Pour fêter comme il se doit le 46ème article exploration du Lot, Julien m’a fait parvenir les données de ses explorations estivales dans le département du Lot. Le résultat est plutôt impressionnant avec 11 arbres vivants et morts de différentes essences.

« Durant les vacances estivales j’ai fait du vélo et lors de mes excursions j’ai découvert deux arbres, le premier est un saule de 5,55 mètres de circonférence qui possède un houppier bien étendu et qui se situe non loin du golf du château de Montal. »

« J’ai aussi découvert un autre arbre, de loin j’ai remarqué sa silhouette se détachant près d’une église, j’ai donc pensé que ça pouvait être un bel arbre, j’ai tout d’abord cru que c’était un chêne mais en me rapprochant j’ai reconnu les feuilles et fleurs du tilleul. »

« Un tilleul non vilain de 4m18 qui trône au milieu d’un cimetière où est aussi implantée l’église ! Cet arbre étant situé sur le lieu-dit Saint-Martin des Bois. »

« L’été a été aussi la saison des sorties en voitures pour les arbres les plus éloignés, à savoir le saule têtard de Thégra [1] et pour répondre à vos interrogations concernant la circonférence j’annonce une circonférence de 6m80 à 1m30 mais la mesure n’est vraiment pas facile à faire et je souhaite bien du courage à ceux qui voudront la mesurer. »

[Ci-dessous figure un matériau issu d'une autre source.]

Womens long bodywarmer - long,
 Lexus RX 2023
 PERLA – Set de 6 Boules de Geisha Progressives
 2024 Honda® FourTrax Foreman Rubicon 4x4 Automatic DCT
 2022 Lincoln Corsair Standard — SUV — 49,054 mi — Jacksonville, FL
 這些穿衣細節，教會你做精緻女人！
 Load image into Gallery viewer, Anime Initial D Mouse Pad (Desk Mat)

« Cet arbre, étant creux (notamment ses branches), un noisetier a poussé là où il y avait une espèce de sciure dans une des branches (on peut l’apercevoir sur les photos). »

« Deux autres chênes sont venus compléter le rapport de cette sortie, un que j’avais repéré à côté d’un hangar près de l’étang de la prairie à Gramat (4m30 de circonférence). »

« Et puis un autre que j’ai pu découvrir grâce à l’excellent travail de Thierry Maillard sur le patrimoine de la commune d’Issendolus [2]. »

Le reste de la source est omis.